### Work item
Would you reproduce the whole listing exactly, dropping any pictures it holds?

### Raw data
· · · ·

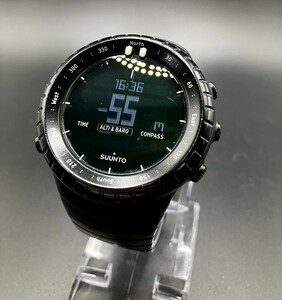 SUUNTO　スント　コア　オールブラック　デジタル　メンズ　稼働品　機能未確認　元箱・使い方ガイド付き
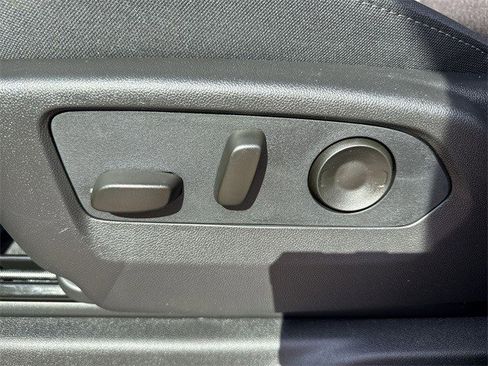 New 2026 GMC Sierra 1500 Elevation image 12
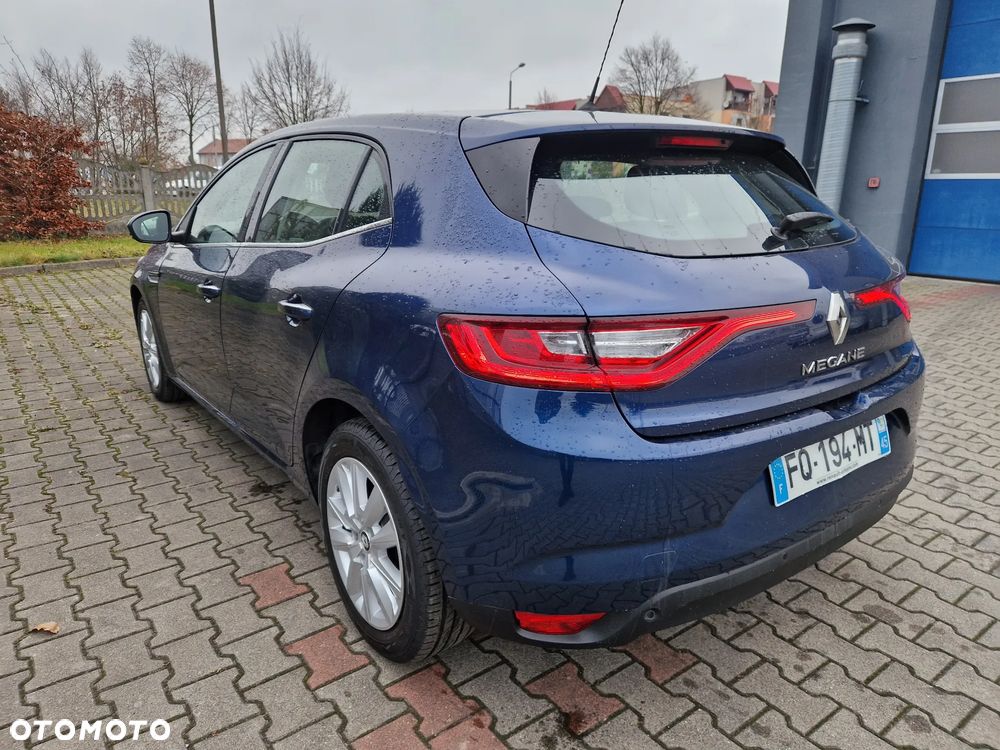 Renault Megane 1.5 Blue dCi Intens - 8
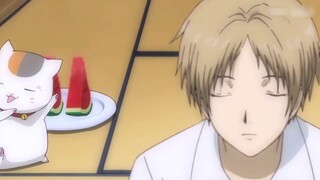 Hadiah utama atas perilaku membingungkan bertiga di mulut ibu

· · · ·

### Written response
 SUUNTO　スント　コア　オールブラック　デジタル　メンズ　稼働品　機能未確認　元箱・使い方ガイド付き
 New 2026 GMC Sierra 1500 Elevation image 12
 Renault Megane 1.5 Blue dCi Intens - 8
 Hadiah utama atas perilaku membingungkan bertiga di mulut ibu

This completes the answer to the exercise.